Fig. 1. Two models of HIV latency…
Fig. 1. Two models of HIV latency regulation: Cell-state control vs. Autonomous programming
(A) Left: the prevailing hypothesis of HIV proviral latency regulation. As CD4+ T cells relax from an activated state (permissive to infection) to a resting-memory state, the host-cell environment silences HIV gene expression restricting Tat transactivation of the LTR. Right: The alternate hypothesis that HIV Tat positive feedback is robust to changes of the host-cell environment and operates autonomously despite changes in cell state. The overlapping nature of cellular and viral regulatory circuits confounds testing between these hypotheses (i.e. the LTR actuates Tat feedback but doubles as a sensor of the host-cell environment). (B) If cell state and viral circuitry can be orthogonalized (i.e. decoupled), the influence of cellular state on viral latency can be analyzed via an orthogonal 2D graphical correlation. Left: If cellular state dominates regulation of viral latency, resting cells would inhibit viral circuitry while active cells would induce viral gene expression generating a strong correlation between cell state and viral activity. Right: If an autonomous latency circuit regulates latency, both latent and active viral expression could be generated in either resting cells or activated T cells, producing little correlation between cell state and viral activity.
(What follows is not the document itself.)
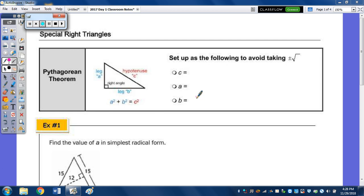In today's notes, we're going to take a look at special right triangles. To start, we're going to start with the Pythagorean Theorem.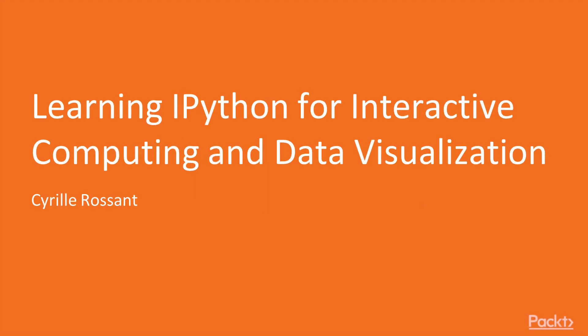Hi, and welcome to Learning IPython for Interactive Computing and Data Visualization by Cyrille Rossant, a video course by Packt Publishing.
Fig. 2. HIV expression is autonomous to…
Fig. 2. HIV expression is autonomous to changes in cellular state: transitioning of primary T lymphocytes from activated to resting does not silence HIV expression
(A) Schematic of activation, infection, and long-term observations of relaxing primary CD4+T cells with full-length HIV-d2GFP. Donor-derived primary cells were activated with αCD3/CD28 beads in the presence of rIL-2 for 3 days following which beads were removed and the cells were infected. At indicated time points, cells were collected for flow cytometry based measurement of CD25/CD69 levels and GFP expression. Data shown (in B-E) are representative of duplicate infections performed with cells from two donors. (B) Flow cytometry time course of CD25 and GFP levels taken on indicated days post infection. Dotted line indicates gating for productively infected cells (GFP+). (C–E) Histograms of cellular activation levels CD25 (C) and CD69 (D) of the entire population alongside GFP expression from productively infected cells (cells in GFP+ gate in B) over the course of 13 days post infection (17 days post cellular activation). (F–H) Cellular activation levels and GFP levels for all replicates over the experimental time course. Each dot indicates the time point from an independent infection and represents the geometric mean of the distribution as seen in C-E. Solid line connects the mean of the replicates. CD25 and CD69 normalized to day 0 (maximal); GFP normalized to day 4 when viral activity is first observed. (I) Schematic of FACS based isolation of productively infected cells. 4 days post infection, GFP+ cells were isolated and cultured (repeated for two donors). (J) Histograms of isolated GFP+ cells over time. Numbers indicate the proportion of cells that fall within the gate for positive GFP expression (marked by horizontal black bar). Day 4: Grey histogram shows the infected population prior to FACS-based separation. Viral titer was calibrated to achieve 10% infection (fraction of grey histogram that is GFP+ at day 4). Histogram in green (for Days 4, 9 and 13) shows the GFP expression in the isolated productively infected cells (post sort). All data shown above are from donor 1. See Fig. S1 for results from donor 2 and CD25 expression decline during the experiment.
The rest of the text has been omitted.